* [Your goal]
Copy all the lines of the listing below exactly. Skip the images.

* [Provided material]
------------
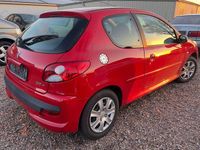 Gebraucht Peugeot 206+ 75 PS (55 kW) 2009 Farbe rot aden/flach standard Kleinwagen
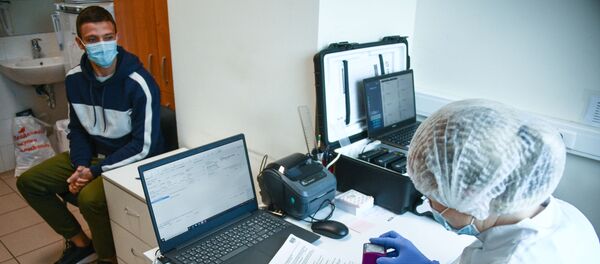 عمل اختبار المرض الفيروسي كوفيد-19، الذي يسببه فيروس كورونا، للركاب في مطار شيريميتيفو في موسكو، روسيا 20 يوليو 2020 - سبوتنيك عربي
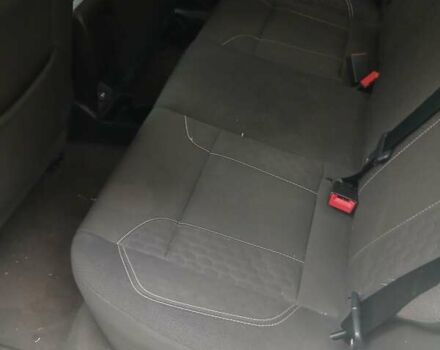 Белый Форд Фиеста, объемом двигателя 1.6 л и пробегом 78 тыс. км за 8000 $, фото 1 на Automoto.ua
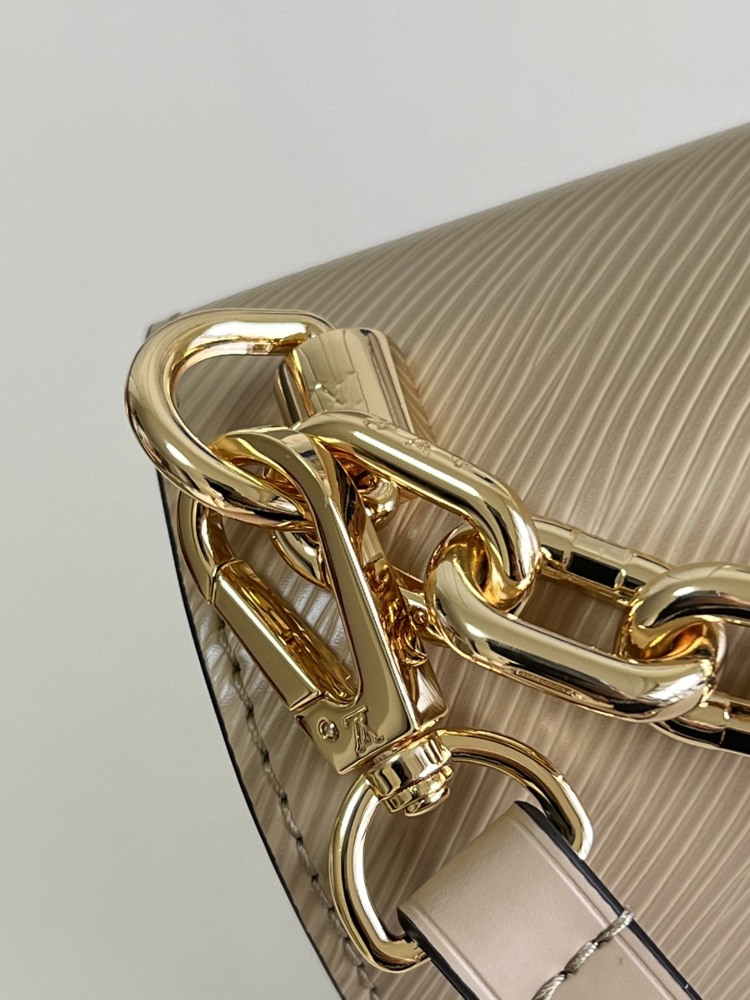 Louis Vuitton Twist MM M59033 Mirror boutique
------------
* [Solved problem]
 Gebraucht Peugeot 206+ 75 PS (55 kW) 2009 Farbe rot aden/flach standard Kleinwagen
 عمل اختبار المرض الفيروسي كوفيد-19، الذي يسببه فيروس كورونا، للركاب في مطار شيريميتيفو في موسكو، روسيا 20 يوليو 2020 - سبوتنيك عربي
 Белый Форд Фиеста, объемом двигателя 1.6 л и пробегом 78 тыс. км за 8000 $, фото 1 на Automoto.ua
 Louis Vuitton Twist MM M59033 Mirror boutique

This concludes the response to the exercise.